I have heard often in yoga, and I'm sure I've said it myself, "the mind screams, and the heart whispers." This separation of mind and heart only created conflict in my body and mind and was very misleading for me for years. I can only speak from my own experience and my experience is this... my heart screams. You better believe it does when it needs to. The heart will do whatever it needs to do to get our attention. So yes... my heart screams.
My guidance is never out of range. Your guidance is never out of range. It's always here speaking to you through feelings, nudges and winks. It's always here. For me when I'm not listening.... storms form in my chest. Like thunder and lightening.
You don't know what I pray for. You don't know what my heart aches for. I don't know what you pray for in the quiet moments of your life. Sometimes we think we are praying for the same thing to only later to find out we want something so completely different.
I've had a storm in my chest for days.... I knew what I was being guided to do.
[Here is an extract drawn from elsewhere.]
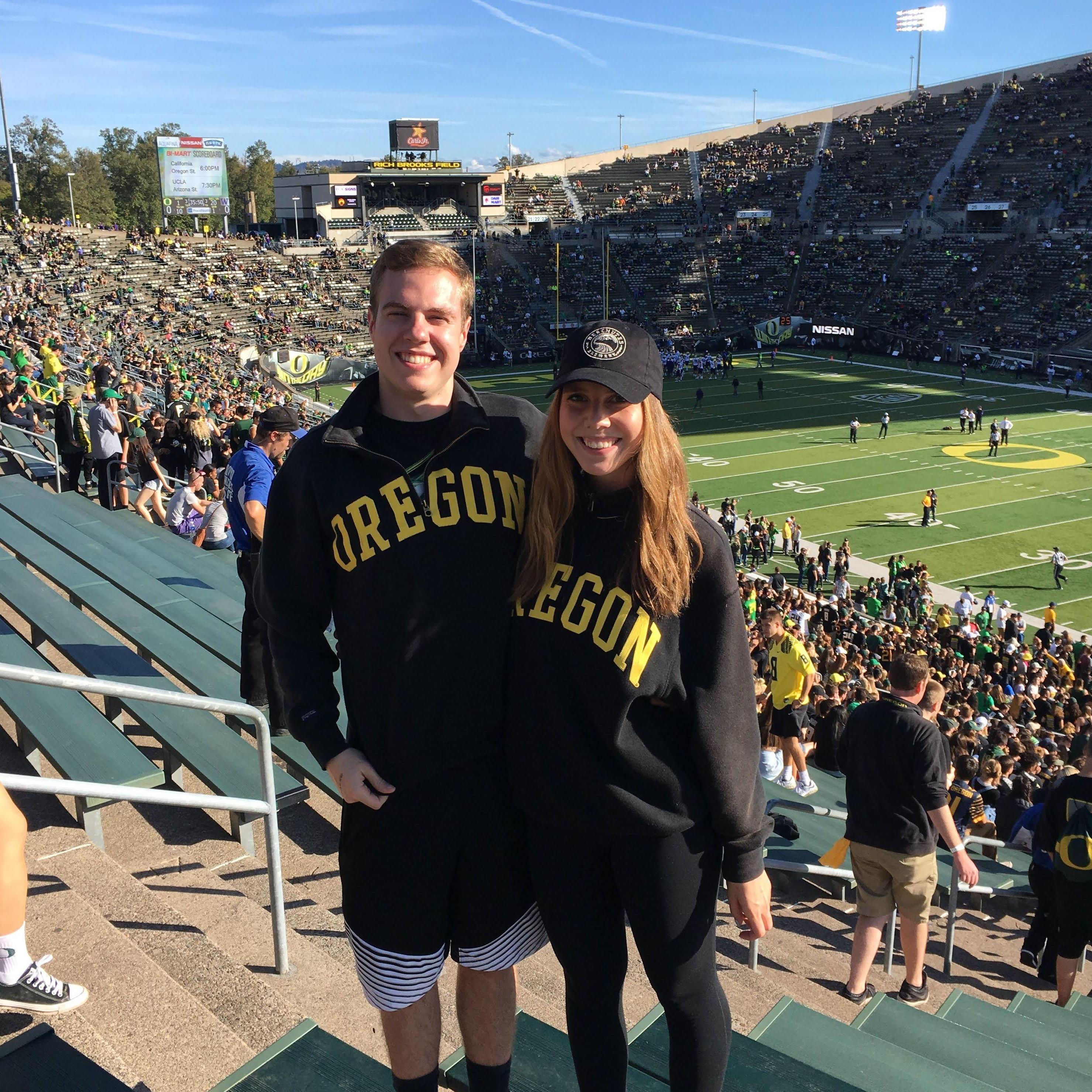 October 2016. Turns out both of us had the same sweatshirt so we could be matchies! (Thanks Kalei for the hand-me-down!)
It was the last thing i wanted to hear. Who want's to hear bad news? I used to hear the screams of my heart and use my mind to "let it go" or to shift my perspective. Whatever it took for the person on the other end to stay in my life. This type of practice only led me to the floor on my knees and in pain. Deep soul pain. And that person, the one I tried to keep in my life was out anyway and now it seems we hurt each other more than we both wanted to.
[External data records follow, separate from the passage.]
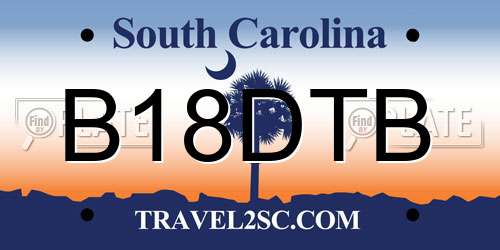 B18DTB South Carolina License Plate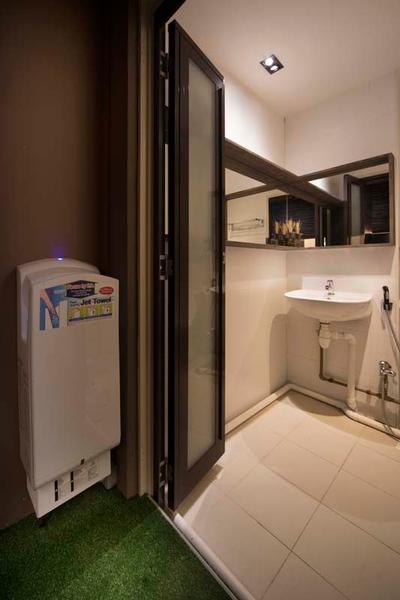 Boon Siew D'sign Showroom, Boonsiew D'sign, Industrial, Bathroom, Commercial, Folding Doors, Sink, Dryer, Grass Carpet, Tiles, Mirror, Indoors, Interior Design, Room, Fireplace, Hearth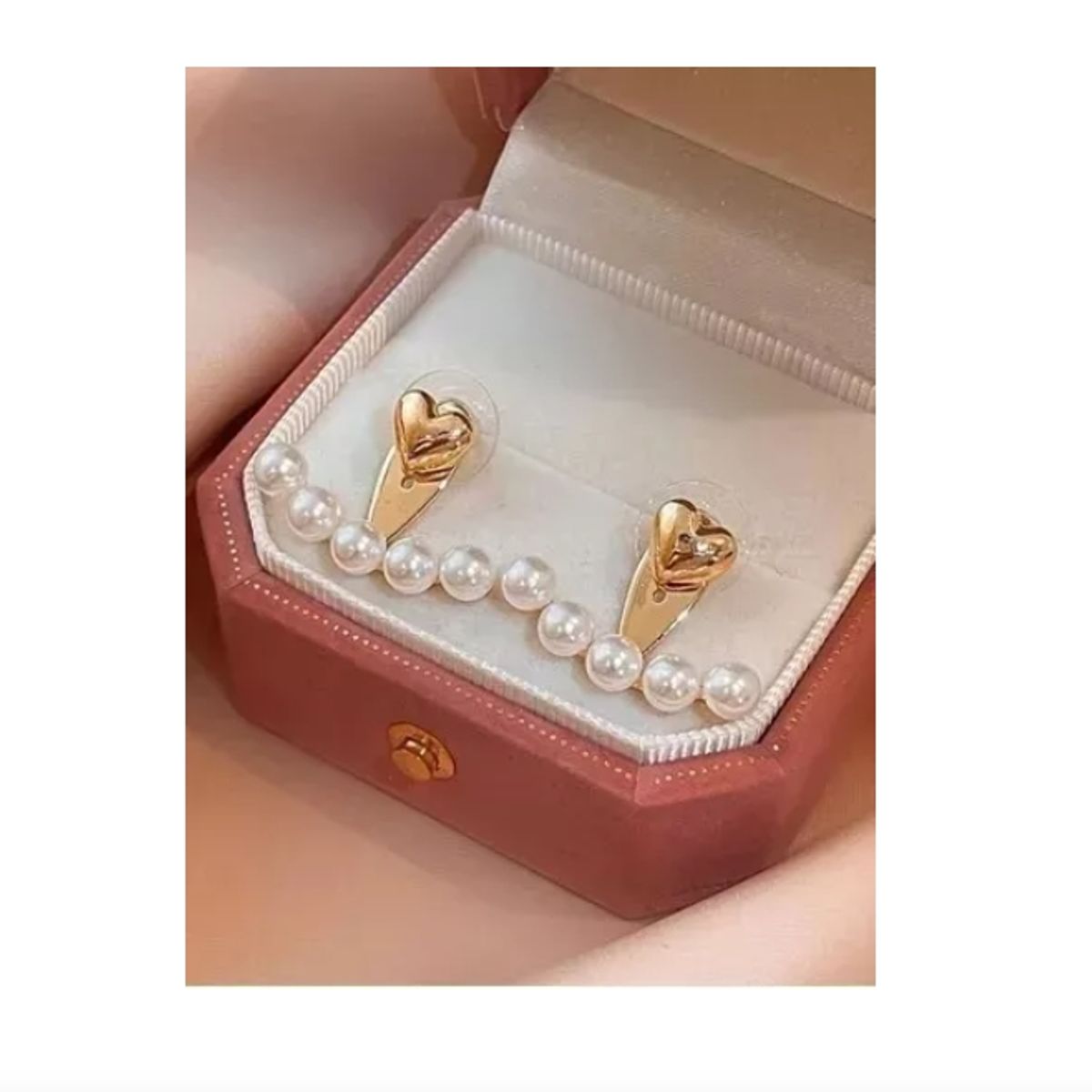 GENERICO - Aros Aretes Zarcillos Pendientes De Corazón Y Perlas Mujer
RESPECT. It comes from the word "specere" which means to look. So Re-spect literally means to look again. And again, and again. What repeats again and again? This guidance that i cried for hours in my pillow about... repeated itself, again and again.... and again. This time I had the strength to do it. I did what I was guided to do. It feels like a football time out. Maybe for a little, maybe forever. I don't know. I can only feel what is right for me now. And this is it. Because it didn't work out, this whatever it was makes neither of us wrong. It doesn't change the magic we made together when we did. That Love was real. Love is constantly moving... and the only way I know how to live now is to listen to my ever screaming heart.
When I do... immediately my heart becomes quiet. Like right now.
I can hear a pin drop.
I love you!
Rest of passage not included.